The Democracy Protection Act brings the requirements for online campaign advertising closer to those that apply to more traditional media, specifically those around disclosing any advertising’s source of funding. It was signed into law by New York Governor Andrew Cuomo this past April and includes a provision requiring online political communication targeted to 50 voters or more must disclose which individual or group is funding it. The lack of disclosure in the ad would imply a violation of the Act.
A spokesperson for the Andrew Gounardes, the Democratic nominee for Brooklyn’s 22nd district, categorically denied the ad came from his campaign. All the major PACs endorsing Gounardes that have issued responses, including StreetsPAC, Fighting For Children PAC and Bold Progressives, have all issued similar denials.
The New York Times stated their intention to remove the ad once it was brought to their attention and no further appearances have been reported at this stage. They did not respond to inquiries about who paid for the ad.
The Democracy Protection Act was implemented in part due to the dissemination of misinformation and interference by the Russian Internet Research Agency via social media. As this is the first election since it’s passage no previous reports of violations can be found.
The ad reads ‘Vote for safer streets. Vote against Marty Golden. Nov 6.’ alongside a black and white photo of Golden. This would appear to reference Golden’s controversial history with speeding and speed cameras.
Golden has claimed to support speed cameras but has acted to oppose their introduction and hinder their implementation. Additionally he’s been caught on camera 14 times speeding through school zones, 3 of which were in 2018.
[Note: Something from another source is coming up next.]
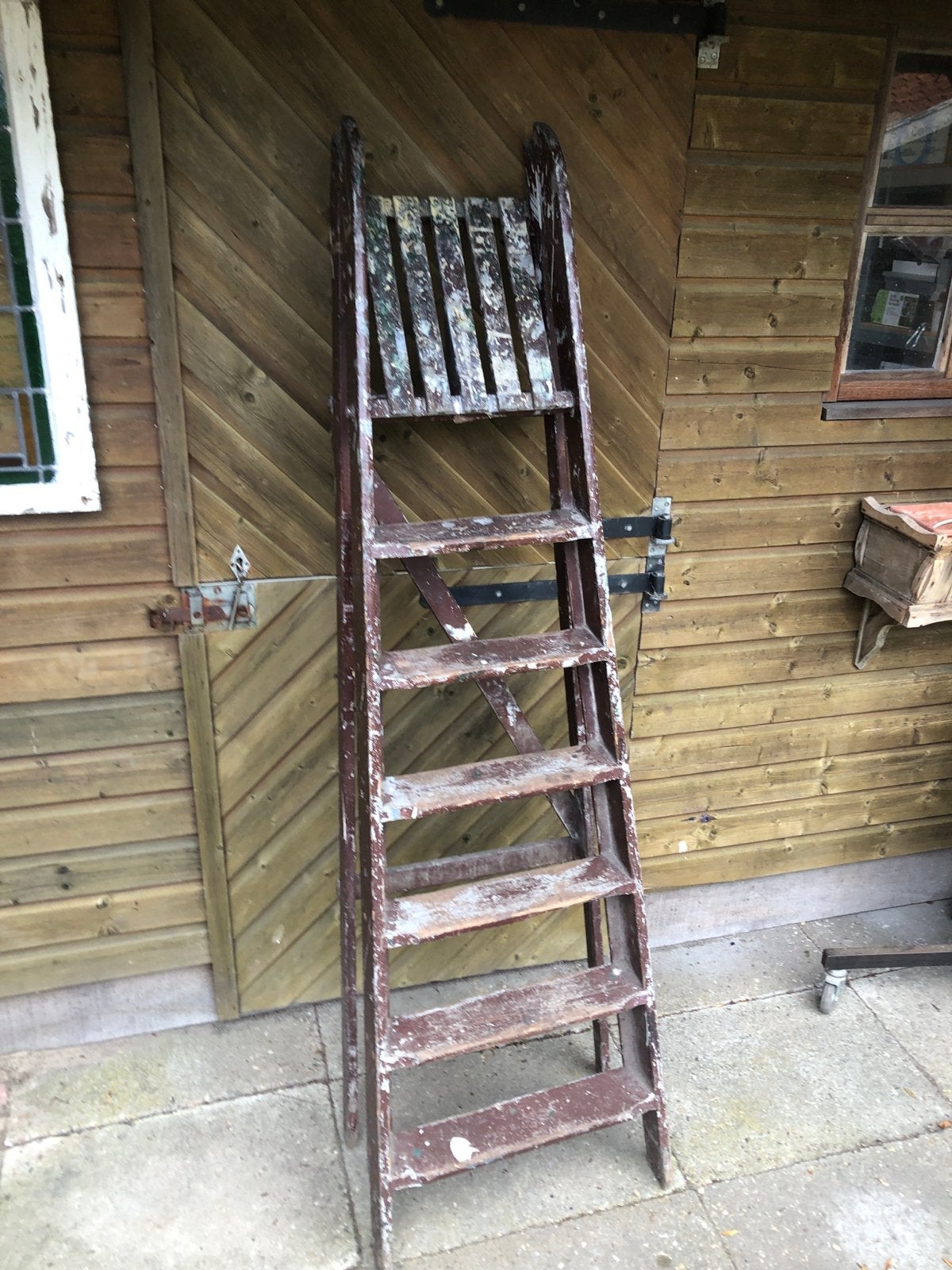 Oude houten schildersladder - decoratief, Doe-het-zelf en Verbouw, Ladders en Trappen, Ophalen, Gebruikt, Trap, Opvouwbaar of Inschuifbaar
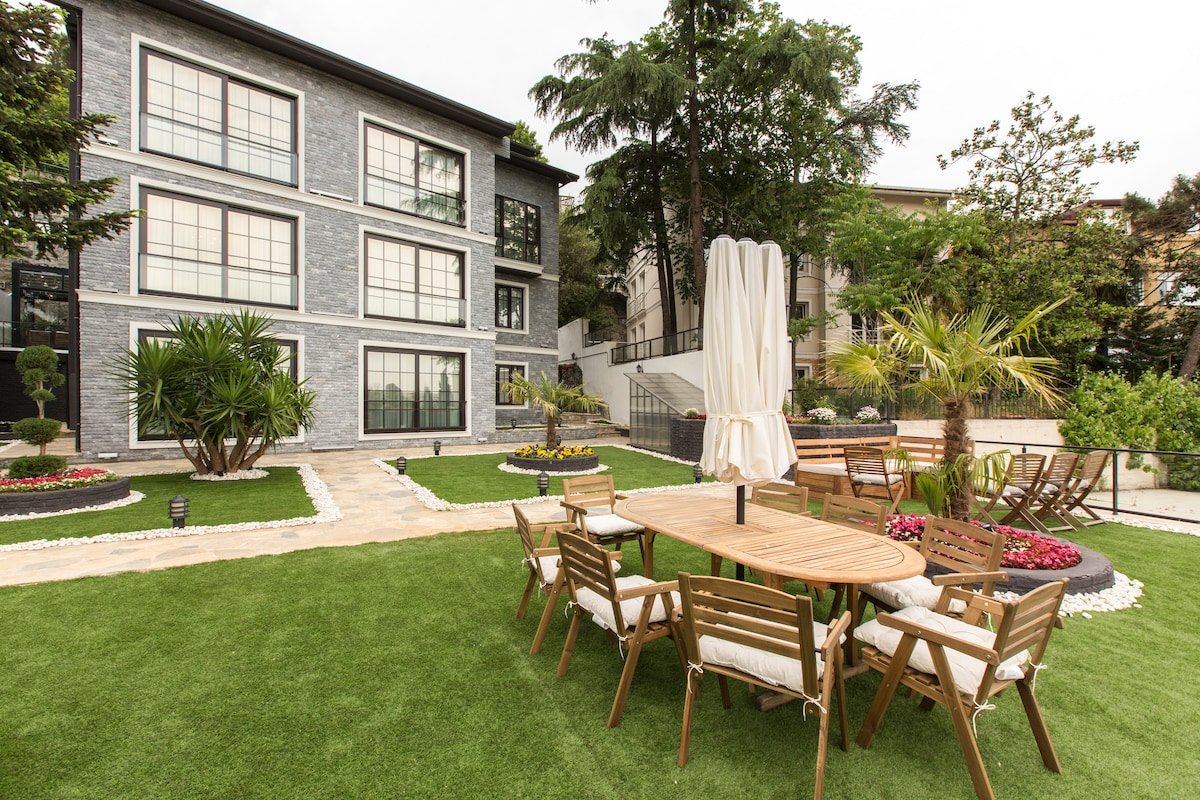 Deluxe Suite – 24/7 Service & Free Daily Cleaning gallery image 5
The use of the term ‘vote against’ qualifies the ad for coverage by campaign finance law due to the Supreme Court’s decision in Buckley v. Valeo. The 1976 case defined a series of terms that the Court deemed ‘expressly advocated’ the election or defeat of a candidate that are colloquially referred to as the magic words.
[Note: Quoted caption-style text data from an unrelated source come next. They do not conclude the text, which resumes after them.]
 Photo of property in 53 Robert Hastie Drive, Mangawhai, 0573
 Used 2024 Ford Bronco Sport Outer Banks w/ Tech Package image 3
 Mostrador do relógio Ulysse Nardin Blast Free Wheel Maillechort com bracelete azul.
While the ads funding remains unclear at this stage it would appear to be the first test of New York’s Democracy Protection Act.
UPDATE 20:02 EST: Radio Free Bay Ridge is reporting the funding originated from a group called NY Forward. New York’s State Of Politics has reported NY Forward received funding from a committee called New Yorkers For A Brighter Future that lists the same address as the New York State United Teachers union.